Start of Block

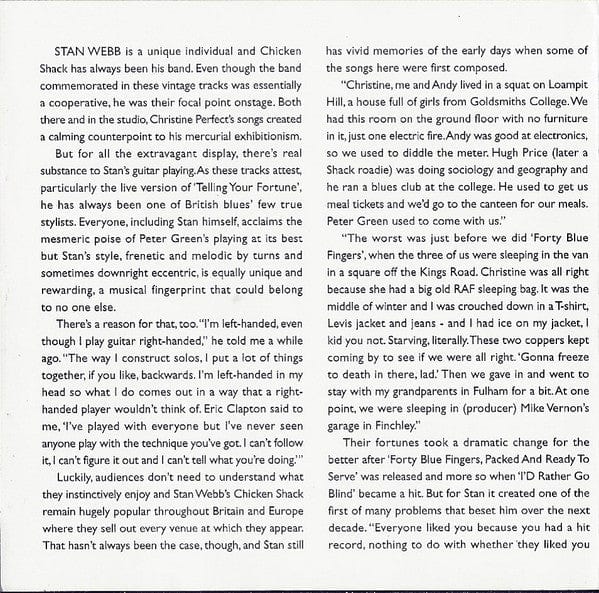 Chicken Shack - From The Vaults (CD) Indigo Delux Records CD 766126450821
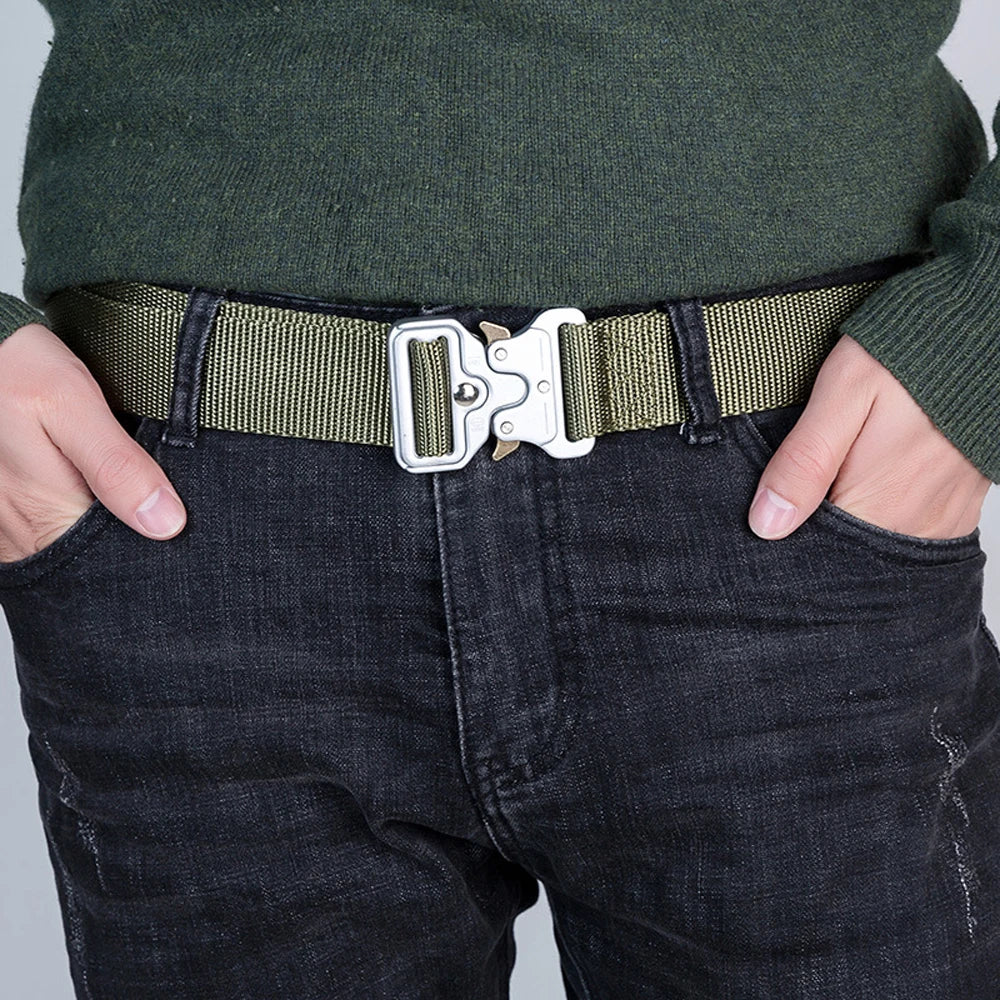 38mm Tactical Belt for Men Heavy Duty Nylon Waist Belt with Silver Buckle Unisex Designer Jeans Belt for Women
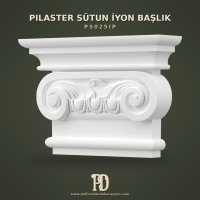 İyon Kıvrımlı Poliüretan Pilaster Sütun Başlığı 8x35x24 cm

End of Block

_Task instructions:_
Print out the material verbatim, skipping pictures.

_Answer to this exercise:_
 Chicken Shack - From The Vaults (CD) Indigo Delux Records CD 766126450821
 38mm Tactical Belt for Men Heavy Duty Nylon Waist Belt with Silver Buckle Unisex Designer Jeans Belt for Women
 İyon Kıvrımlı Poliüretan Pilaster Sütun Başlığı 8x35x24 cm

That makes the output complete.